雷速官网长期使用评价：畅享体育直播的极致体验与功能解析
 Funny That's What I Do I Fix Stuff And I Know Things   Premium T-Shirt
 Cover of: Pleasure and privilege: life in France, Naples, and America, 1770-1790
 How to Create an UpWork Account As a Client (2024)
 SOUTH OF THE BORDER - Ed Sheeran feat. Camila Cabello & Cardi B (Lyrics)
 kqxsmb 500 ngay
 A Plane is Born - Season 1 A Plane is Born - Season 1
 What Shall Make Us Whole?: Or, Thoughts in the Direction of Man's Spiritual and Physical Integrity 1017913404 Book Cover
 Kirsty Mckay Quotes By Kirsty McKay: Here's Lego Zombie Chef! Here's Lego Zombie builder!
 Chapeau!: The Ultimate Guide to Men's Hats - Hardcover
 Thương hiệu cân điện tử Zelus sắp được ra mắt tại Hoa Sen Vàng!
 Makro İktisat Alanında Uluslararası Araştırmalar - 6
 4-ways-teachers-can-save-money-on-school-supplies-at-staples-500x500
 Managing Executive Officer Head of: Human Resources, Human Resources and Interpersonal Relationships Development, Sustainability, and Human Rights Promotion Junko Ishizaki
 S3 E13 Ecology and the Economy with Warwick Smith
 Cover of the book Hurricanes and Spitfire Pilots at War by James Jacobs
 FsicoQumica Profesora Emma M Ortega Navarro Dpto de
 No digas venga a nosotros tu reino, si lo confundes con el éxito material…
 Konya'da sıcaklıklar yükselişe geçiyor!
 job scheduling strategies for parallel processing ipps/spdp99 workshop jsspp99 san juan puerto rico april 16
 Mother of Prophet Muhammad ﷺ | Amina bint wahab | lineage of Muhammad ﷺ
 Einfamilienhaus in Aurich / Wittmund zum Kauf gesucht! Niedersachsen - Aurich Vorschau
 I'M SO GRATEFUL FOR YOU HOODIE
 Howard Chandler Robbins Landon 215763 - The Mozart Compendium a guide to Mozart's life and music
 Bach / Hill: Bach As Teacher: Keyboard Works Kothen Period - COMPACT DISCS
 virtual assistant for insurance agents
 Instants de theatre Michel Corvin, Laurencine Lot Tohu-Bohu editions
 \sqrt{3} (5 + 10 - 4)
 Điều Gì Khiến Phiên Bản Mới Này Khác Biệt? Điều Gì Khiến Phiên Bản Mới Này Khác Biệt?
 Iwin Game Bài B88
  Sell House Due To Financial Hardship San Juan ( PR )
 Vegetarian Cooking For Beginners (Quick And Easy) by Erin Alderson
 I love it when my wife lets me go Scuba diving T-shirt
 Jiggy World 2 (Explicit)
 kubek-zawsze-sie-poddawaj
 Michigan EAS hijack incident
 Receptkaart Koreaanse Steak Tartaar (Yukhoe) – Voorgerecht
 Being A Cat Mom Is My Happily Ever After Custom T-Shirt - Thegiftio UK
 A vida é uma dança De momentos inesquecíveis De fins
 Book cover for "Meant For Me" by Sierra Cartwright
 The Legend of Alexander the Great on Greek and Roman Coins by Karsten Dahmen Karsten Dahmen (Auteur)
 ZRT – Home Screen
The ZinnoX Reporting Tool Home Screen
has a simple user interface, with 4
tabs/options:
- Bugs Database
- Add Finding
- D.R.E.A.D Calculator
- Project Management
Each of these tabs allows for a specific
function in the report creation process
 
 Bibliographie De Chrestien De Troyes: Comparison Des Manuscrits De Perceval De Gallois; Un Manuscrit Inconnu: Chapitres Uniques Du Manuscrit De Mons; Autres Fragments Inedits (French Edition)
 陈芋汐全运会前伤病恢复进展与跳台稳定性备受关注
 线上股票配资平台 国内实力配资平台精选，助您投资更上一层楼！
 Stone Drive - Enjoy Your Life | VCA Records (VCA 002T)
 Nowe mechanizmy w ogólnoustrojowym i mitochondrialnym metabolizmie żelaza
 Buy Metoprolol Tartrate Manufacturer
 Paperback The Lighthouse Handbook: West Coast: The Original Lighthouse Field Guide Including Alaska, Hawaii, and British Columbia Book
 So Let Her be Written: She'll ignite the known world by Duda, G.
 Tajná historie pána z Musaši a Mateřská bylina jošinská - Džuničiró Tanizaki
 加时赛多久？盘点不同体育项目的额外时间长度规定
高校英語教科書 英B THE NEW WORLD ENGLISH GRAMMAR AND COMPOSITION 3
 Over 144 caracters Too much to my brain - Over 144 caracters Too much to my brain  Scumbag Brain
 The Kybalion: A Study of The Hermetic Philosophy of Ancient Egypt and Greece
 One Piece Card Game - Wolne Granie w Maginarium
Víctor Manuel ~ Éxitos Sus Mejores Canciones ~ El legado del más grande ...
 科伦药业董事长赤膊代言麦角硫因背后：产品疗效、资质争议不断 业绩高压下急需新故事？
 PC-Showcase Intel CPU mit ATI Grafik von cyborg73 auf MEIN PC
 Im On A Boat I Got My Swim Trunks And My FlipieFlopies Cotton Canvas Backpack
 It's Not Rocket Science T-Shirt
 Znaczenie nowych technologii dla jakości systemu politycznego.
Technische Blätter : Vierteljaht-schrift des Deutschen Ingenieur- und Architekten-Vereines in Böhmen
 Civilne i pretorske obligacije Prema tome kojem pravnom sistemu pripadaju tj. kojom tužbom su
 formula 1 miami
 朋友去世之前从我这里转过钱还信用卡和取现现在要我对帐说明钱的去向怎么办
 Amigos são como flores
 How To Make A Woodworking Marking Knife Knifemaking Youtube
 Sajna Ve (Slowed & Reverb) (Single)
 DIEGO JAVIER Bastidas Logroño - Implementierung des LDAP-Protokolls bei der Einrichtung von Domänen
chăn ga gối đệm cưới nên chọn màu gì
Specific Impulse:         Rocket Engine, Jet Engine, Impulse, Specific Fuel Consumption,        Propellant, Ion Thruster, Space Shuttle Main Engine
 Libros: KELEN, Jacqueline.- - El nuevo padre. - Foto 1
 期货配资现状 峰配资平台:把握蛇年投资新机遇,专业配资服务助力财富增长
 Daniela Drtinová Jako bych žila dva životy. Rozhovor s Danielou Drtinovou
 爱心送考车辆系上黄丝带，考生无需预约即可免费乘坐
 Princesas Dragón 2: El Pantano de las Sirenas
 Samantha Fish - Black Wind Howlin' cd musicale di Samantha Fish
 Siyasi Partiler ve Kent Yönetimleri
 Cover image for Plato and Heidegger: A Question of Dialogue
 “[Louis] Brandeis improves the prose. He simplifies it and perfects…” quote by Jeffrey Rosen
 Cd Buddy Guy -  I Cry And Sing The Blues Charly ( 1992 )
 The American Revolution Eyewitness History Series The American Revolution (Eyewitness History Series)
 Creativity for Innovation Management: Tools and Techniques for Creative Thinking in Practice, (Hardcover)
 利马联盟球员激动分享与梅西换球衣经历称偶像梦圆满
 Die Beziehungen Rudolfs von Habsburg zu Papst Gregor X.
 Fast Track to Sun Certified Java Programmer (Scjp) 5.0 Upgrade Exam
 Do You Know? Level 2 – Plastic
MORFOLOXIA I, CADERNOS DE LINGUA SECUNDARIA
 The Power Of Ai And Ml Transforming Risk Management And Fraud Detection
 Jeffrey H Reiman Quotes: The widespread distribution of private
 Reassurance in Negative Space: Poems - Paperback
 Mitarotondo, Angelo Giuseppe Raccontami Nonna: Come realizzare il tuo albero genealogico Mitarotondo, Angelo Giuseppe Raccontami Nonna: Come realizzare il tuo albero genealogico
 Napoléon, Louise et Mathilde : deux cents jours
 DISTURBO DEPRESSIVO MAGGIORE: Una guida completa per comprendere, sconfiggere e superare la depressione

PROBLEM: Check each line of the listing above. Copy the ones with the word "What".

PROBLEM SOLUTION:
 Funny That's What I Do I Fix Stuff And I Know Things   Premium T-Shirt
 What Shall Make Us Whole?: Or, Thoughts in the Direction of Man's Spiritual and Physical Integrity 1017913404 Book Cover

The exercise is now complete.